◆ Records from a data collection
****

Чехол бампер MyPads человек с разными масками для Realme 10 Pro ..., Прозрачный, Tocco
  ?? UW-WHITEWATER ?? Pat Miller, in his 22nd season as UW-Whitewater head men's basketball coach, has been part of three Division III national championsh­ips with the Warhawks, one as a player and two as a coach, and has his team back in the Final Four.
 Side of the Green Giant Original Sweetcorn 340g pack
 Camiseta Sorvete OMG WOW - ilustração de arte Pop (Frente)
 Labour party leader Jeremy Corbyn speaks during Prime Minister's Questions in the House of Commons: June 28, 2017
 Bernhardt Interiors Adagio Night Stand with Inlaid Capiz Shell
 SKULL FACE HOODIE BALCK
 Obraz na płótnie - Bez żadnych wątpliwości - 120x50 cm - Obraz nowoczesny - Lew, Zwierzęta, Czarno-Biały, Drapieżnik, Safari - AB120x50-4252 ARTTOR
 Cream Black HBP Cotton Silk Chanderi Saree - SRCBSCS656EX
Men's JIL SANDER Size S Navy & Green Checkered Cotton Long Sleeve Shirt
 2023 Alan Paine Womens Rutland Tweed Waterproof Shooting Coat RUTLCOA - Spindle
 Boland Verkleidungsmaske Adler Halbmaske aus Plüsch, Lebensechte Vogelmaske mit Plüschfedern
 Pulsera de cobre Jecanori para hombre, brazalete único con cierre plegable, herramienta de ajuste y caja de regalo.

****

◆ Exercise brief
Starting with the first line of the data above, copy each line exactly until you reach the line with "2023 Alan Paine"; include that line as well.

◆ Expected answer
Чехол бампер MyPads человек с разными масками для Realme 10 Pro ..., Прозрачный, Tocco
  ?? UW-WHITEWATER ?? Pat Miller, in his 22nd season as UW-Whitewater head men's basketball coach, has been part of three Division III national championsh­ips with the Warhawks, one as a player and two as a coach, and has his team back in the Final Four.
 Side of the Green Giant Original Sweetcorn 340g pack
 Camiseta Sorvete OMG WOW - ilustração de arte Pop (Frente)
 Labour party leader Jeremy Corbyn speaks during Prime Minister's Questions in the House of Commons: June 28, 2017
 Bernhardt Interiors Adagio Night Stand with Inlaid Capiz Shell
 SKULL FACE HOODIE BALCK
 Obraz na płótnie - Bez żadnych wątpliwości - 120x50 cm - Obraz nowoczesny - Lew, Zwierzęta, Czarno-Biały, Drapieżnik, Safari - AB120x50-4252 ARTTOR
 Cream Black HBP Cotton Silk Chanderi Saree - SRCBSCS656EX
Men's JIL SANDER Size S Navy & Green Checkered Cotton Long Sleeve Shirt
 2023 Alan Paine Womens Rutland Tweed Waterproof Shooting Coat RUTLCOA - Spindle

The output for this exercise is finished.